President Joe Biden is in Asia now for meetings with the leaders of Japan, South Korea, Australia and India. They will discuss how to counter China’s influence in the Pacific region and Japan Prime Minister Fumio Kishida will almost certainly urge President Biden to return to the Trans-Pacific Partnership (TPP). At Eurasia Group, I advise multi-national firms on political risk, and they are frequently wondering whether the United States will return to TPP.

There are good reasons for Biden to listen to Kishida and reconsider TPP, but he would need to overcome the same opposition in Congress that ultimately led the United States not to join it several years ago. There is a path back to TPP, even if the Republicans win control of Congress in November, but it requires Biden to focus on the economic benefits for everyday Americans rather than lofty foreign policy goals. 

And, in an odd twist, it means Biden should take a page from the playbook of former President Donald Trump.

The TPP was a trade agreement among the United States and 11 other Pacific-Rim countries to liberalize trade, but the United States ultimately abandoned it when Trump pulled out, even though Congress already opposed it because of concerns that it didn’t help American workers. Japan and the other countries renamed TPP (now wordily called the Comprehensive and Progressive Agreement for Trans-Pacific Partnership), made some changes in case the United States came back, and completed it without the United States. But they now desperately want America to rejoin because China wants to crash the party and join it.
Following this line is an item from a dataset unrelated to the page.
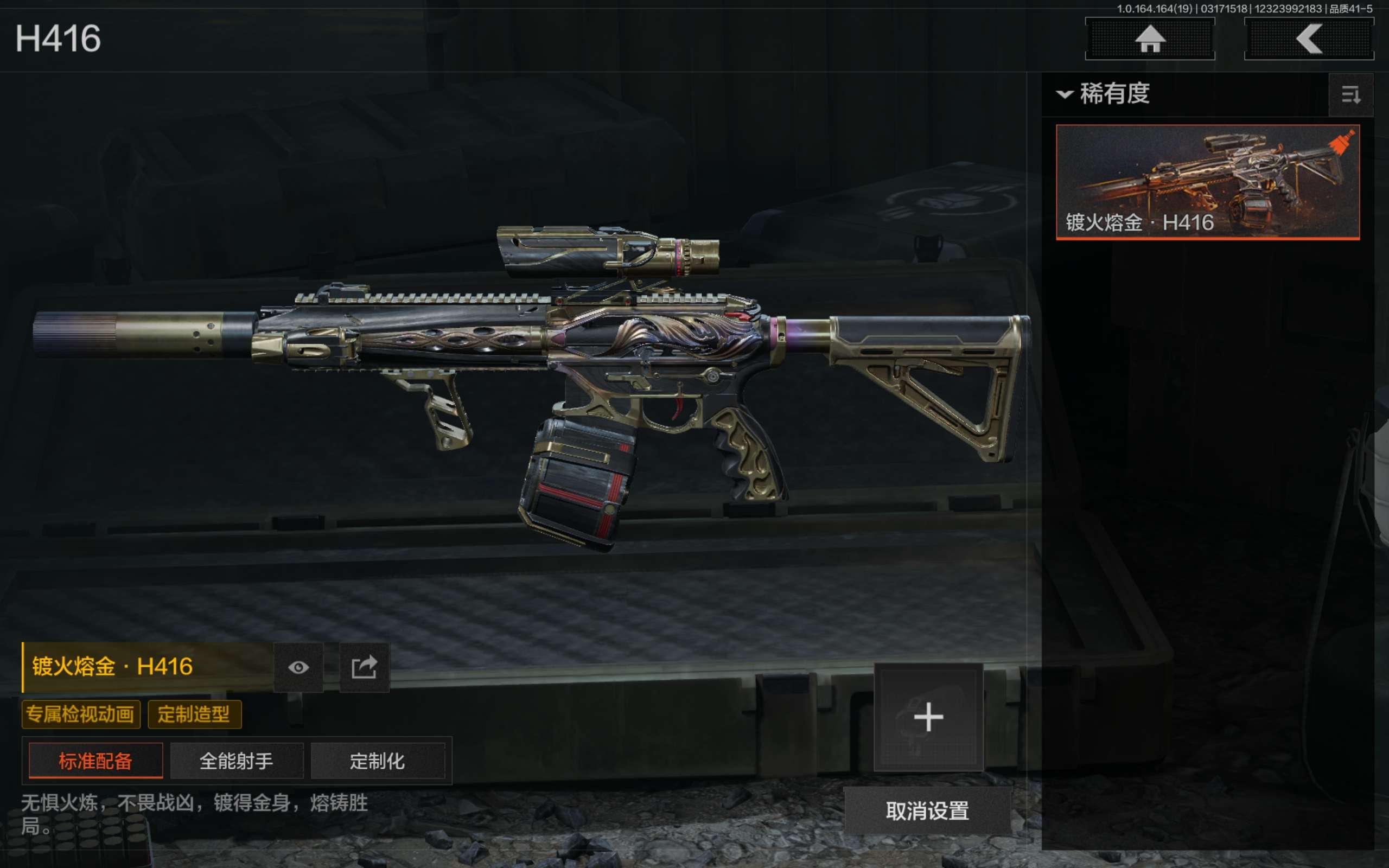 AQCMW414860暗区突围账号详情图13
America’s Asian allies, like Japan and many American foreign policy experts, continue to press for the United States to return to the Pacific trade deal because of the foreign policy and national security benefits of a united front against China. During the American debate over TPP in 2015, then-Secretary of Defense Ash Carter made this geostrategic argument for TPP in a memorable way, saying that “passing TPP is as important to me as another aircraft carrier.” 

But Congress’s reaction to Carter’s compelling plea? A big yawn.

Congress cared foremost whether TPP was good for American workers — not American foreign policy.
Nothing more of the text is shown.